Czy druk 3D ma przyszłość?
Drukarki 3D to już nie nowość na rynku, lecz stały dodatek do naszej codzienności. Zdaniem czołowych analityków branża drukowania 3D będzie stale się rozwijać, by do 2025 roku osiągnąć wartość 100 – 250 mld dolarów. Druk 3D pozwala na tworzenie prototypów bez dużego nakładu produkcyjnego oraz na masowy wyrób części zapasowych w dowolnym miejscu na świecie. Dzisiaj można wyróżnić kilka najbardziej popularnych rodzajów druku 3D takich jak FDM/FFF, czyli druk z termoplastów, SLA i DLP – drukowanie z żywic selektywnie utwardzanych światłem lasera lub projektora oraz SLS i DMLS – warstwowe spawanie proszków na bazie gipsu lub metali.

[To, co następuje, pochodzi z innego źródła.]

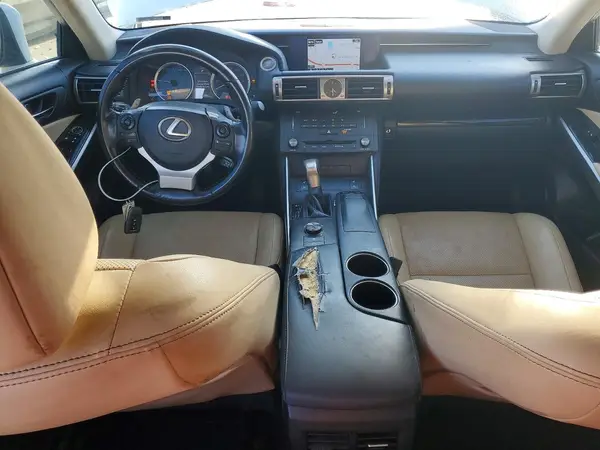 JTHBA1D23G5021329 2016 LEXUS IS - Image 8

Marki wykorzystujące technologie 3D
Tak duże koncerny jak Adidas, podążając za światowym trendem w personalizacji, umożliwiają tworzenie wydrukowanego obuwia. W tym samym kierunku zmierzają małe startupy jak SOLS, Feetz czy 3dshoes. Z drugiej strony Mercedes wydrukował pierwszą komercyjną partię części zamiennych do starszych samochodów. Zmniejszy to koszty transportu i pozwoli na poziomie lokalnym na serwis samochodów. W branży lotniczej Airbus i Boeing już dawno dostrzegły potencjał druku 3D, lokalnie produkując różnego rodzaju części i podzespoły, dzięki temu redukując liczbę odpadów produkcyjnych oraz generując oszczędności na poziomie $2-3 mln per samolot. Także Amazon zauważył mniejsze koszty w drukowaniu towaru w specjalnych samochodach w drodze do klienta. Jak widać przyszłość jest pełna nowych możliwości wykorzystania druku 3D.